* [Records from a collection]:
#####

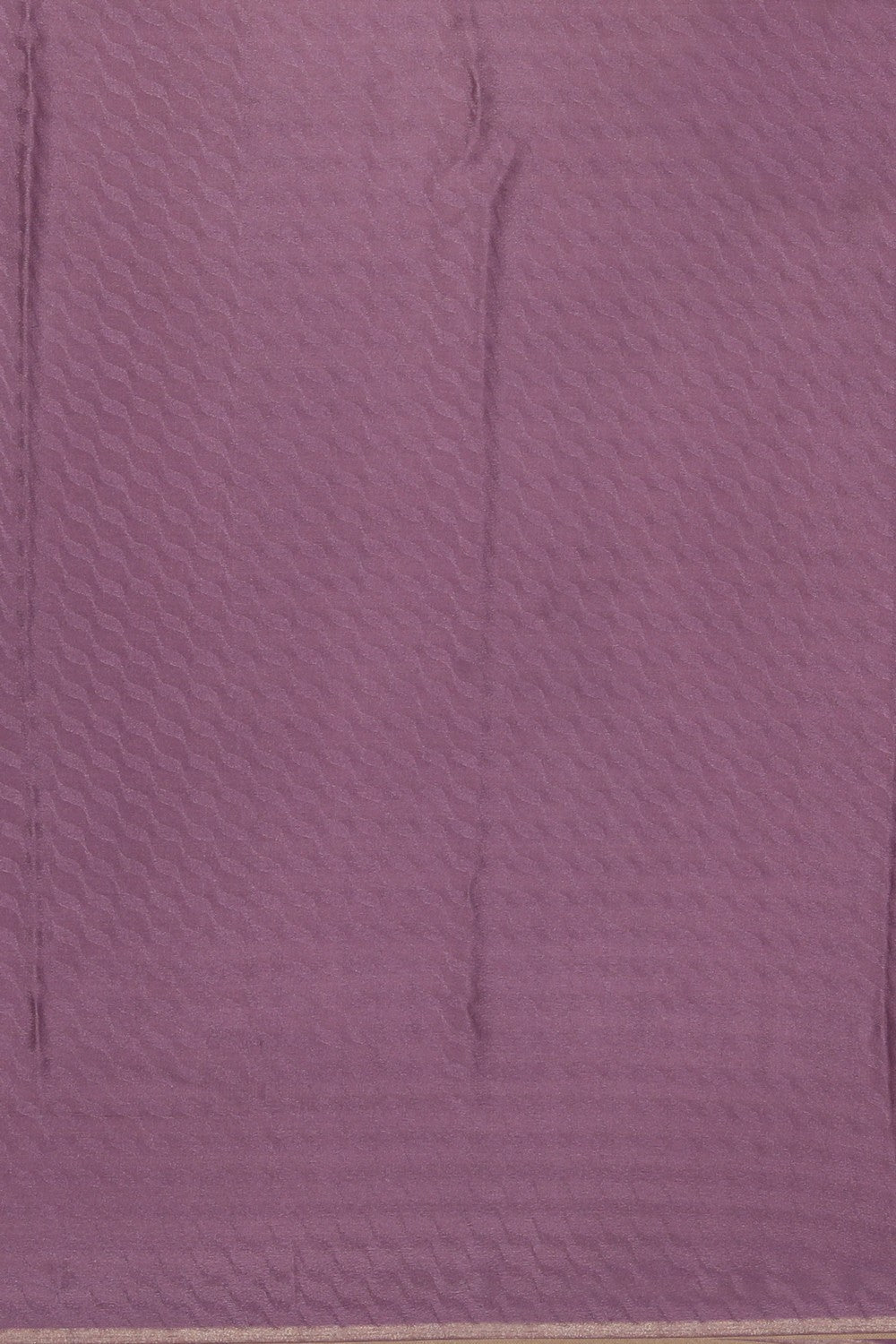 Kalanjali Georgette Purple Saree – Women's - view 3
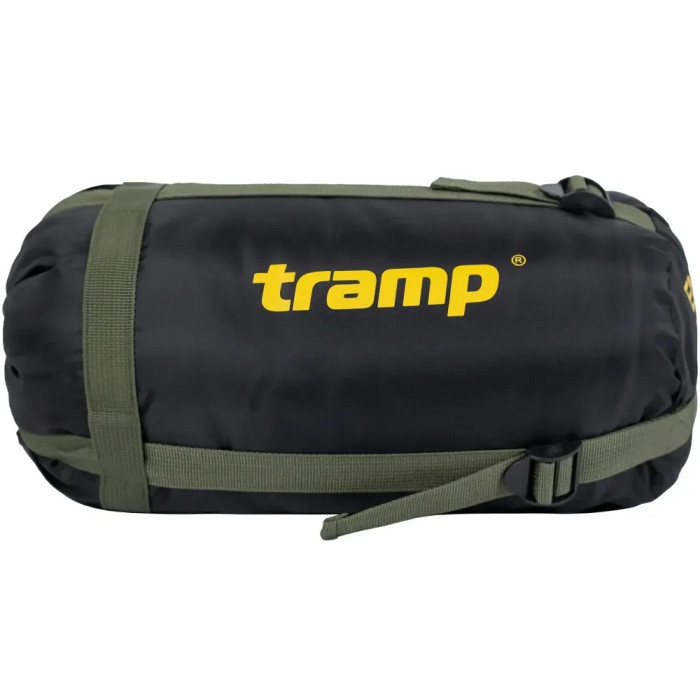 Спальний мішок Tramp Ember+, Long, Right (UTRS-063L-olive-R)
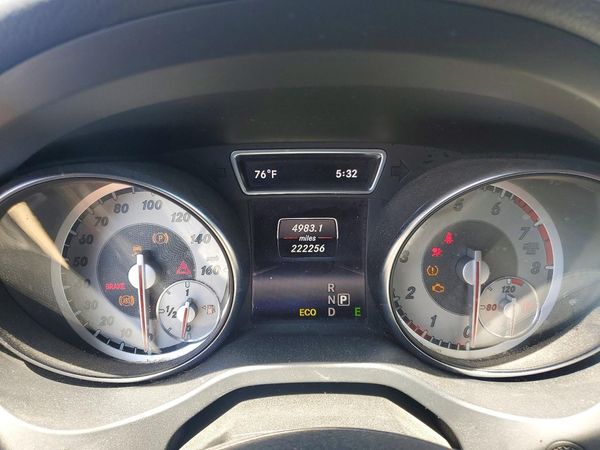2014 MERCEDES-BENZ CLA CLA250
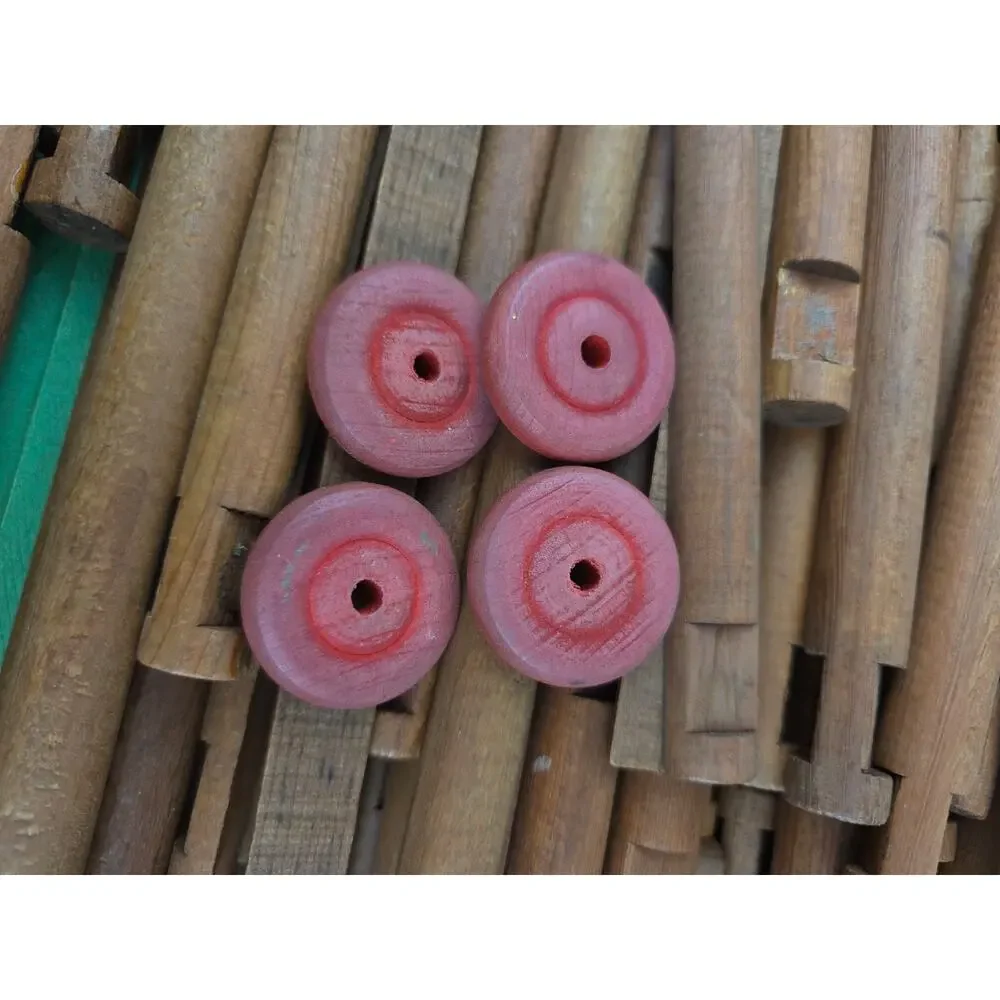 1940’s Vintage Original Lincoln Logs Set w/ Box incomplete some metal figures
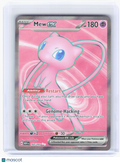 2023 Pokemon—Mew ex #193 Scarlet & Violet 151—Ultra Rare Holo [Lightly Played]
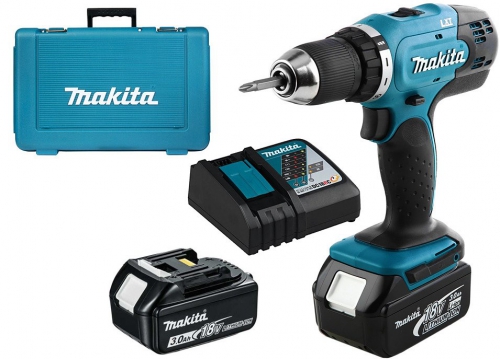 Шуруповерт Makita DDF453RFE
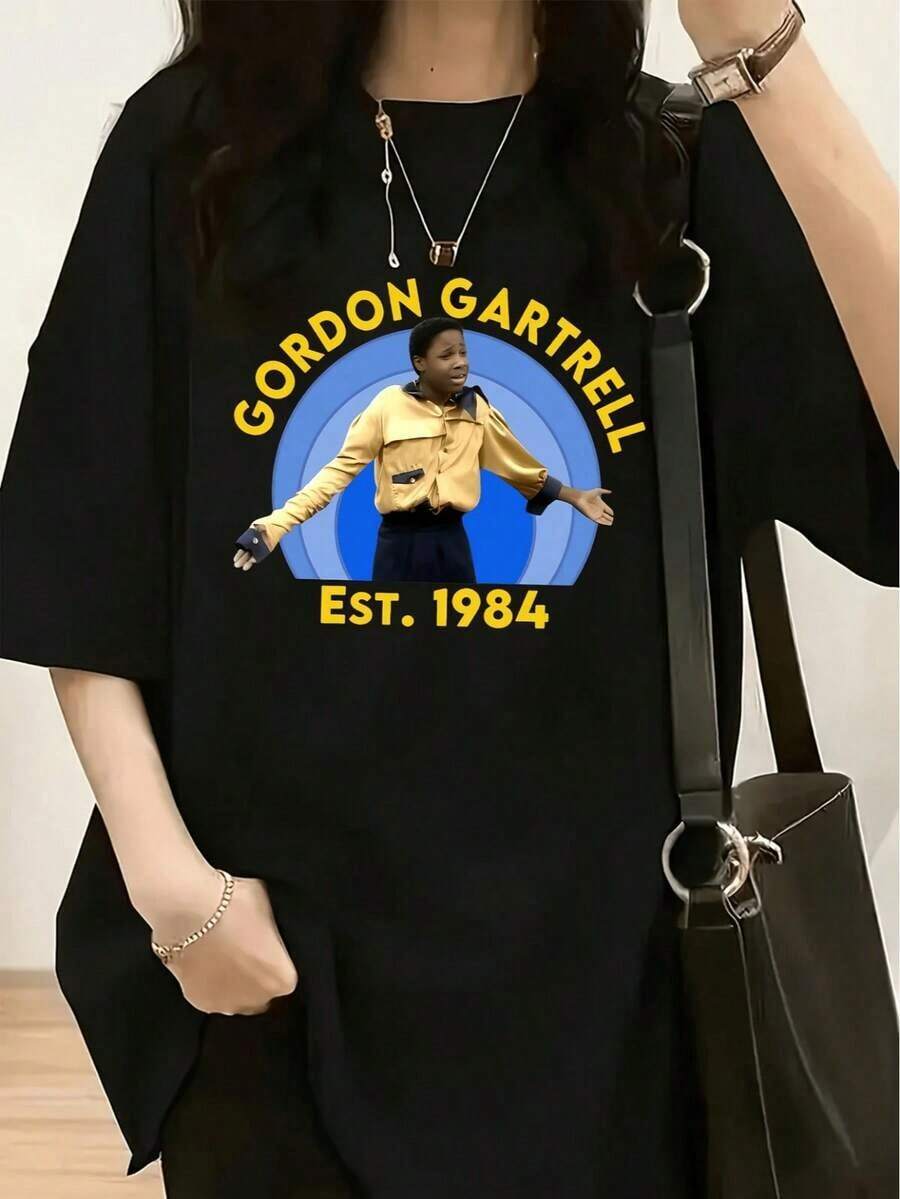 1 Piece Women's Vintage Western Gothic Horror Graphic T-Shirt - Featuring Cowboy Skeleton On Horseback And Skeletal Hands Design Br180g 100% Cotton - 黑色 8 - 查看 1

#####

* [REQUIRED ACTION]:
Reproduce the records above exactly, but only from the line containing "2014 MERCEDES-BENZ CLA CLA250" through the last line, both included, and without any pictures.

* [SOLUTION]:
2014 MERCEDES-BENZ CLA CLA250
 1940’s Vintage Original Lincoln Logs Set w/ Box incomplete some metal figures
 2023 Pokemon—Mew ex #193 Scarlet & Violet 151—Ultra Rare Holo [Lightly Played]
 Шуруповерт Makita DDF453RFE
 1 Piece Women's Vintage Western Gothic Horror Graphic T-Shirt - Featuring Cowboy Skeleton On Horseback And Skeletal Hands Design Br180g 100% Cotton - 黑色 8 - 查看 1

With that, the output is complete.